Logan Canafax, MSU alumnus, said nature is a passion of hers that finds its way into her work.
Her works are created with repurposed materials she often finds in thrift shops and dumpsters. Her process, alcohol ink, allows her to use a variety of materials from paper to glass.
“People don’t realize what they take for granted every day, just as I don’t, and we get so caught up in everything that we have to do every day that when we move it’s like we just throw everything out and start new,” Canafax said. “We shouldn’t do that. We should recycle. You should make the earth happier by not making so much garbage.”

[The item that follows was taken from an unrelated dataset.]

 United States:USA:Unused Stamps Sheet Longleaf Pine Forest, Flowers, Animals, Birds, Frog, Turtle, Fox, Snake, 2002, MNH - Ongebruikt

She learned the technique on her own after college. Her pieces on display are bright bursts of color across a glass background.
“I started doing the alcohol inks because it was helping me deal with things that the cyanotypes didn’t do,” Canafax said. “I still love my cyanotypes, I still do them and I will do them again.”
Canafax often approaches her fellow students and alumni about their participation with NAMI and frequently arrives early to assist with the set up of the event. She moved to Dallas-Fort Worth six months ago, but still intends to participate in next year’s Grey Matters exhibition as well.
Each of the artists is open about their struggles and journeys to a degree they are comfortable with. They started using art as a point of self-reflection and mental health management, and they said they have increased the purpose of their works into public awareness.